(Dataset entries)
§

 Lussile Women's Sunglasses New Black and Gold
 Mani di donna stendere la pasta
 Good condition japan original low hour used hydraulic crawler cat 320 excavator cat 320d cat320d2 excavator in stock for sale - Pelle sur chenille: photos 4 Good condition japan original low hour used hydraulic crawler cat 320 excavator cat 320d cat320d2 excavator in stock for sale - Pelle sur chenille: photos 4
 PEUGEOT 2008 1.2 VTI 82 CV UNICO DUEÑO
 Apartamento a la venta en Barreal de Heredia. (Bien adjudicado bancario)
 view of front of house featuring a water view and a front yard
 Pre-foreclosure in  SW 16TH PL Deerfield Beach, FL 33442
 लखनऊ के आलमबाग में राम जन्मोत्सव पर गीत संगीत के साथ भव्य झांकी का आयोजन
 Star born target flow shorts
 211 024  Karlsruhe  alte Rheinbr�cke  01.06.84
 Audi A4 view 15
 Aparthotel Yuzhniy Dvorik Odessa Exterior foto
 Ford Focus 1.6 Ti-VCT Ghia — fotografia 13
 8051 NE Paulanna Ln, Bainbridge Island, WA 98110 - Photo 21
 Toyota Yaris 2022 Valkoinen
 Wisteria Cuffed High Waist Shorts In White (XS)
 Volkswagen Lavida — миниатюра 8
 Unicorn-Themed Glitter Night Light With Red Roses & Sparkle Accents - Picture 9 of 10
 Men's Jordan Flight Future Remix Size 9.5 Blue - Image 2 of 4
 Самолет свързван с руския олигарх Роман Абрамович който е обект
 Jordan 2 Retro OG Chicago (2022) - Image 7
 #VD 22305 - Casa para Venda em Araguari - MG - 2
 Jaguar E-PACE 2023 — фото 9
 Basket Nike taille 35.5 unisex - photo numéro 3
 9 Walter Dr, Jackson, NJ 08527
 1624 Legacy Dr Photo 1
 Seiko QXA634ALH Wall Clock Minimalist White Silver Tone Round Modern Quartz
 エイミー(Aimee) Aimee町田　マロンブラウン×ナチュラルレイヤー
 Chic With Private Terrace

§

_EXERCISE INSTRUCTIONS_. An exact copy of the line containing "1624 Legacy Dr Photo 1" and all lines after it, through the last line of the entries, is the required answer.

_YOUR SOLUTION_.
 1624 Legacy Dr Photo 1
 Seiko QXA634ALH Wall Clock Minimalist White Silver Tone Round Modern Quartz
 エイミー(Aimee) Aimee町田　マロンブラウン×ナチュラルレイヤー
 Chic With Private Terrace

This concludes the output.